New research from Purdue University suggests that this planetary slowdown may have played an important role in making Earth's oceans more hospitable for life, increasing the availability of food and oxygen for marine animals and possibly even contributing to the rise of oxygen in the atmosphere.
"Earth's rotation speed has decreased over the ~4 billion-year history of life on our planet," said Ashika Capirala, a PhD candidate in Purdue University's Department of Earth, Atmospheric, and Planetary Sciences (EAPS) and a NASA FINESST Fellow. "We found that this slowing rotation over time could have led to more primary producers in the ocean—strengthening the base of the food web—and more dissolved oxygen for marine animals, which is required for respiration."
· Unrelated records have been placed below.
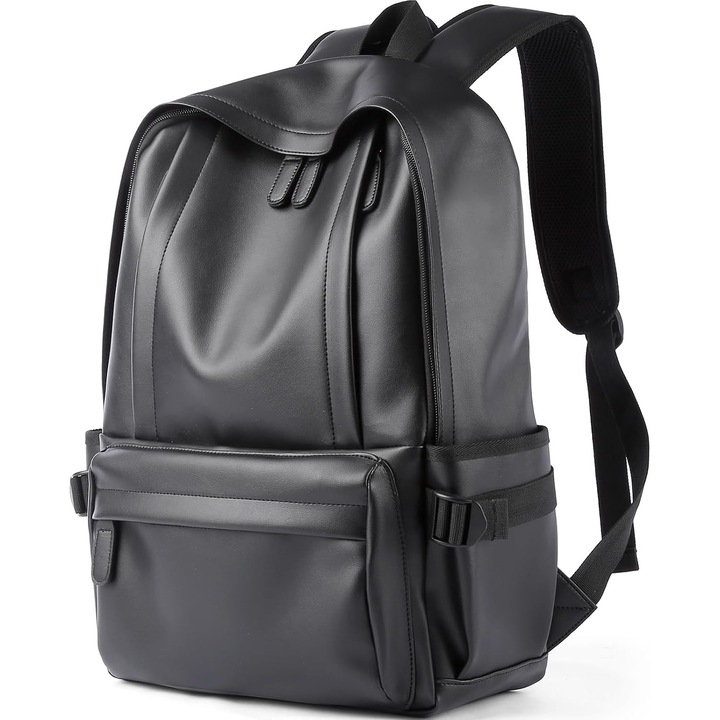 Rucsac din piele pentru laptop, impermeabil, multifunctional pentru calatorii si birou, negru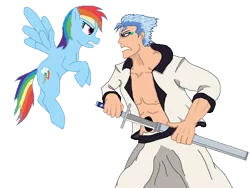 Size: 800x600 | Tagged: artist:unbiased philosopher, bleach (manga), crossover, derpibooru import, grimmjow jeagerjaquez, growling, rainbow dash, safe, simple background, transparent background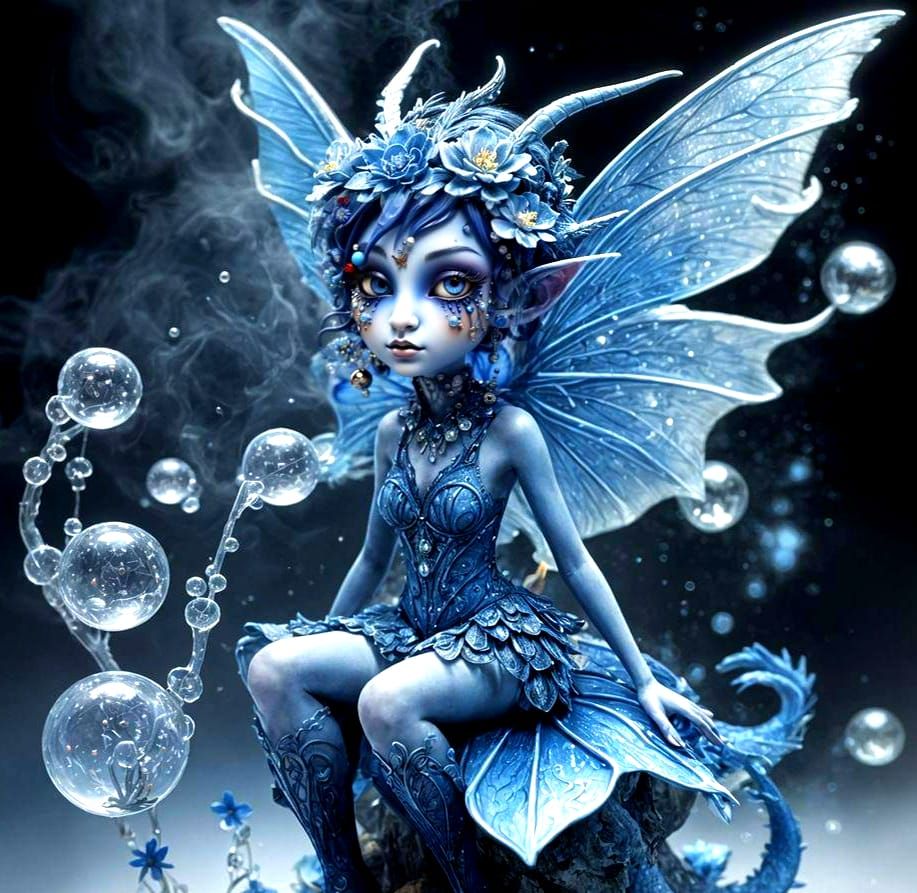 Cubist Fairy with Dragon Wings and Cosmos Jewelry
The study, which was published in Science Advances, led by Capirala and co-authored by Stephanie Olson, associate professor in EAPS at Purdue, links a fundamental physical property of the planet to biological and chemical conditions essential for life. The findings help explain how ancient oceans may have supported animal evolution and offer new clues for identifying habitable worlds beyond Earth.
Oceans dominate Earth's surface and have hosted many of the most important evolutionary events in the planet's history. "Oceans provide the largest available habitat on our planet's surface, and several major evolutionary events occurred in the ocean, such as the rise of the first animals," Capirala said.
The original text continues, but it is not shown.